From: Honnappa Nagarahalli <Honnappa.Nagarahalli@arm.com>
To: Konstantin Ananyev <konstantin.ananyev@huawei.com>,
Fengchengwen <fengchengwen@huawei.com>,
Stephen Hemminger <stephen@networkplumber.org>,
Ruifeng Wang <Ruifeng.Wang@arm.com>,
"Ajit Khaparde (ajit.khaparde@broadcom.com)"
<ajit.khaparde@broadcom.com>
Cc: Ashok Kaladi <ashok.k.kaladi@intel.com>,
"jerinj@marvell.com" <jerinj@marvell.com>,
"thomas@monjalon.net" <thomas@monjalon.net>,
"dev@dpdk.org" <dev@dpdk.org>,
"s.v.naga.harish.k@intel.com" <s.v.naga.harish.k@intel.com>,
"erik.g.carrillo@intel.com" <erik.g.carrillo@intel.com>,
"abhinandan.gujjar@intel.com" <abhinandan.gujjar@intel.com>,
"stable@dpdk.org" <stable@dpdk.org>, nd <nd@arm.com>,
nd <nd@arm.com>
Subject: RE: [PATCH 2/2] ethdev: fix race condition in fast-path ops setup
Date: Tue, 28 Feb 2023 23:57:50 +0000 [thread overview]
Message-ID: <DBAPR08MB581445653C4211BD62E2BBB398AC9@DBAPR08MB5814.eurprd08.prod.outlook.com> (raw)
In-Reply-To: <54fbf4e55cd44477b1e956f98a7a3c50@huawei.com>
> -----Original Message-----
> From: Konstantin Ananyev <konstantin.ananyev@huawei.com>
> Sent: Thursday, February 23, 2023 7:31 AM
> To: Fengchengwen <fengchengwen@huawei.com>; Honnappa Nagarahalli
> <Honnappa.Nagarahalli@arm.com>; Stephen Hemminger
> <stephen@networkplumber.org>; Ruifeng Wang <Ruifeng.Wang@arm.com>;
> Ajit Khaparde (ajit.khaparde@broadcom.com)
> <ajit.khaparde@broadcom.com>
> Cc: Ashok Kaladi <ashok.k.kaladi@intel.com>; jerinj@marvell.com;
> thomas@monjalon.net; dev@dpdk.org; s.v.naga.harish.k@intel.com;
> erik.g.carrillo@intel.com; abhinandan.gujjar@intel.com; stable@dpdk.org; nd
> <nd@arm.com>
> Subject: RE: [PATCH 2/2] ethdev: fix race condition in fast-path ops setup
>
>
>
> > >>>>>>> If ethdev enqueue or dequeue function is called during
> > >>>>>>> eth_dev_fp_ops_setup(), it may get pre-empted after setting
> > >>>>>>> the function pointers, but before setting the pointer to port data.
> > >>>>>>> In this case the newly registered enqueue/dequeue function
> > >>>>>>> will use dummy port data and end up in seg fault.
> > >>>>>>>
> > >>>>>>> This patch moves the updation of each data pointers before
> > >>>>>>> updating corresponding function pointers.
> > >>>>>>>
> > >>>>>>> Fixes: c87d435a4d79 ("ethdev: copy fast-path API into separate
> > >>>>>>> structure")
> > >>>>>>> Cc: stable@dpdk.org
> > >>>>
> > >>>> Why is something calling enqueue/dequeue when device is not fully
> > >> started.
> > >>>> A correctly written application would not call rx/tx burst until
> > >>>> after ethdev start had finished.
> > >>>
> > >>> Please refer the eb0d471a894 (ethdev: add proactive error handling
> > >>> mode), when driver recover itself, the application may still
> > >>> invoke
> > >> enqueue/dequeue API.
> > >>
> > >> Right now DPDK ethdev layer *does not* provide synchronization
> > >> mechanisms between data-path and control-path functions.
> > >> That was a deliberate deisgn choice.
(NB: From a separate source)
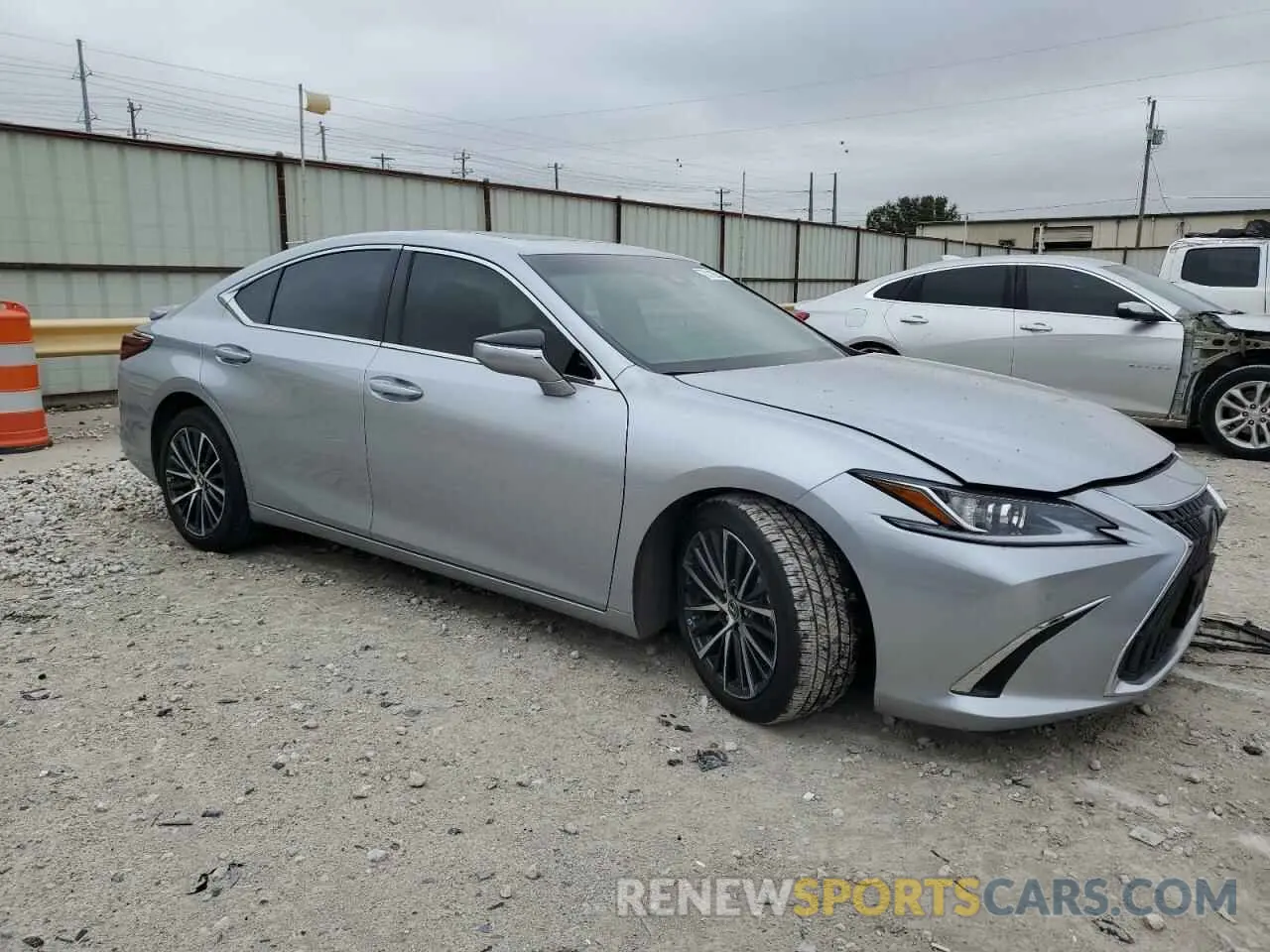 4 Фотография поврежденного автомобиля 58ADA1C1XPU032132 LEXUS ES300 2023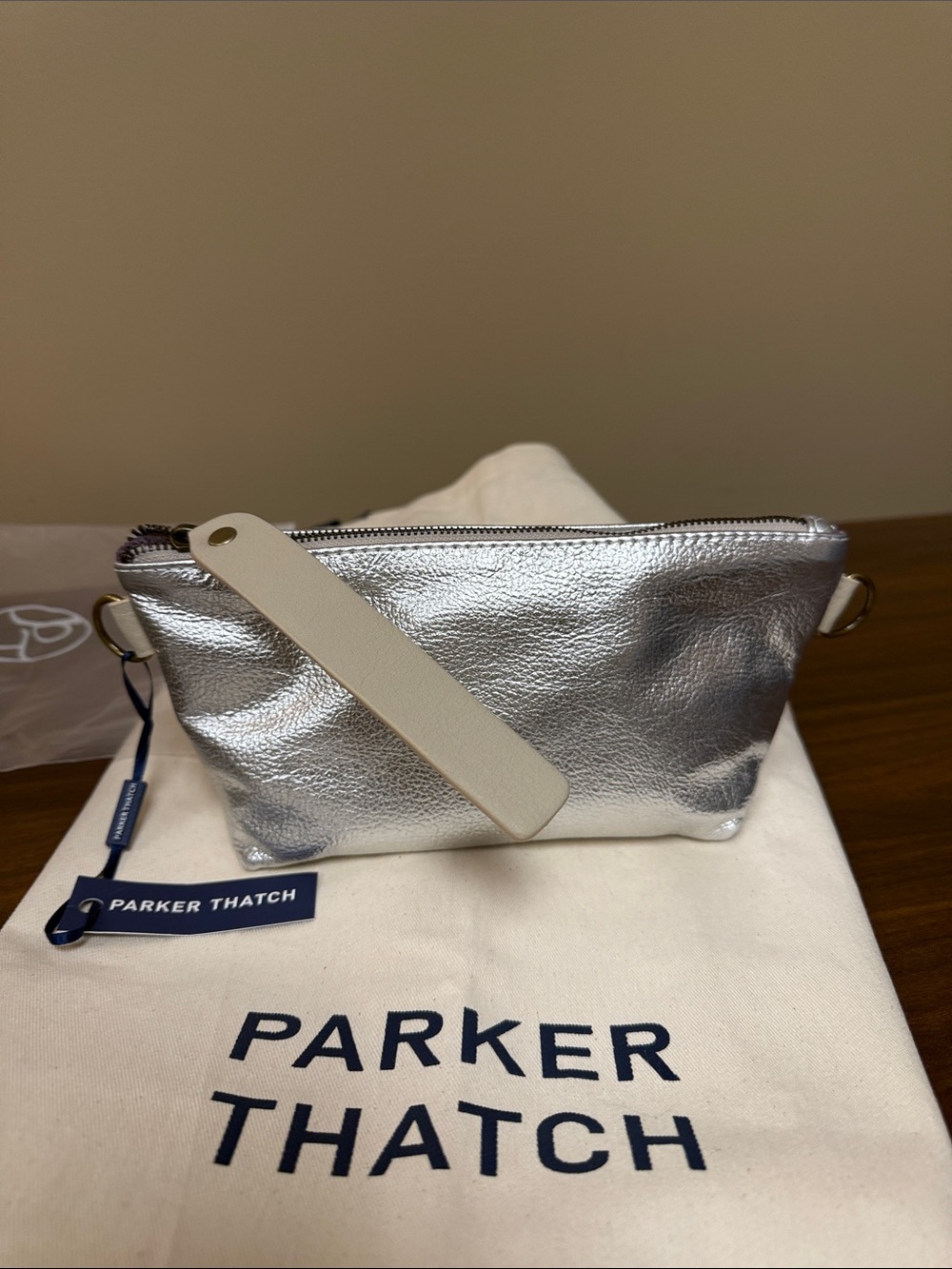 NWT Parker Thatch Silver and Stone Little Buddy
If we want to change that
> > >> rule, then I suppose we need a community consensus for it.
> > >> I think that if the driver wants to provide some sort of error
> > >> recovery procedure, then it has to provide some synchronization
> > >> mechanism inside it between data-path and control-path functions.
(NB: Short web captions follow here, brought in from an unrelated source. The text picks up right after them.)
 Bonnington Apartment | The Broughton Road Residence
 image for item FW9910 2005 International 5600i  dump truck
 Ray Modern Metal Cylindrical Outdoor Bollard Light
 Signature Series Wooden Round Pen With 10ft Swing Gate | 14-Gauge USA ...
> > >> Actually looking at eb0d471a894 (ethdev: add proactive error
> > >> handling mode), and following patches I wonder how it creeped in?
> > >> It seems we just introduced a loophole for race condition with this
> > >> approach...
> >
> > Could you try to describe the specific scenario of loophole ?
>
> Ok, as I understand the existing mechanism:
>
> When PMD wants to start a recovery it has to:
> - invoke rte_eth_dev_callback_process(RTE_ETH_EVENT_ERR_RECOVERING);
> That supposed to call user provided callback. After callback is finished PMD
> assumes
> that user is aware that recovery is about to start and should make some
> precautions.
> - when recovery is finished it invokes another callback:
> RTE_ETH_EVENT_RECOVERY_(SUCCESS/FAILED). After that user either can
> continue to
> use port or have to treat is as faulty.
>
> The idea is ok in principle, but there is a problem.
>
> lib/ethdev/rte_ethdev.h:
>
> /** Port recovering from a hardware or firmware error.
> * If PMD supports proactive error recovery,
> * it should trigger this event to notify application
> * that it detected an error and the recovery is being started.
>
> <<< !!!!!
> * Upon receiving the event, the application should not invoke any control
> path API
> * (such as rte_eth_dev_configure/rte_eth_dev_stop...) until receiving
> * RTE_ETH_EVENT_RECOVERY_SUCCESS or
> RTE_ETH_EVENT_RECOVERY_FAILED event.
> * The PMD will set the data path pointers to dummy functions,
> * and re-set the data path pointers to non-dummy functions
> * before reporting RTE_ETH_EVENT_RECOVERY_SUCCESS event.
> <<< !!!!!
>
> That part is just wrong I believe.
> It should be:
> Upon receiving the event, the application should not invoke any *both control
> and data-path* API until receiving RTE_ETH_EVENT_RECOVERY_SUCCESS or
> RTE_ETH_EVENT_RECOVERY_FAILED event.
> Resetting data path pointers to dummy functions by PMD *before* invoking
> rte_eth_dev_callback_process(RTE_ETH_EVENT_ERR_RECOVERING);
> introduces a race-condition with data-path threads, as such thread could
> already be inside RX/TX function or can already read RX/TX function/data
> pointers and be about to use them.
> And right now rte_ethdev layer doesn't provide any mechanism to check it or
> wait when they'll finish, etc.
>
> So, probably the simplest way to fix it with existing DPDK design:
> - user level callback RTE_ETH_EVENT_ERR_RECOVERING should return only
> after it ensures that *all*
> application threads (and processes) stopped using either control or data-path
> functions for that port
> (yes it means that application that wants to use this feature has to provide its
> own synchronization mechanism
> around data-path functions (RX/TX) that it is going to use).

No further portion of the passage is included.